## AIM OF THE EXERCISE
Omit all images, then repeat exactly the lines below from the one containing "Light luxury intelligent" through the one containing "Light Yellow vector", both ends included.

## DATA SHOWN
BEGIN

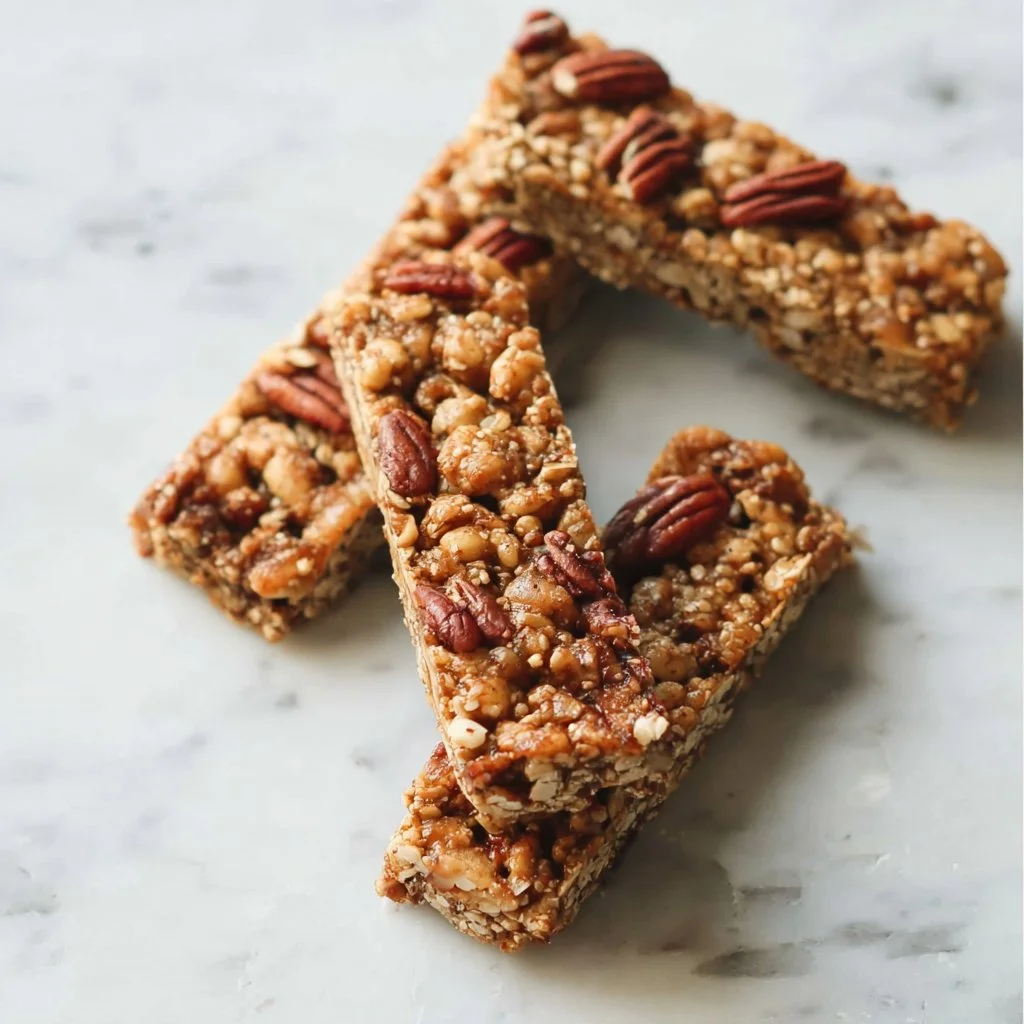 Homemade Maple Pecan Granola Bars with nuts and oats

END
BEGIN

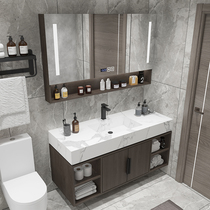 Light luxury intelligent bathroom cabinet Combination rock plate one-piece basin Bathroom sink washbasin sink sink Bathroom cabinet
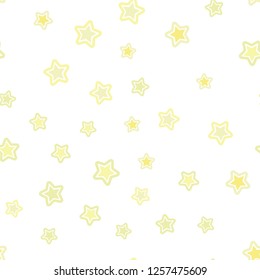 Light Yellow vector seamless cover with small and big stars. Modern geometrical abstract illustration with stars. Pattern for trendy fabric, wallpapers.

END

## ANSWER
 Light luxury intelligent bathroom cabinet Combination rock plate one-piece basin Bathroom sink washbasin sink sink Bathroom cabinet
 Light Yellow vector seamless cover with small and big stars. Modern geometrical abstract illustration with stars. Pattern for trendy fabric, wallpapers.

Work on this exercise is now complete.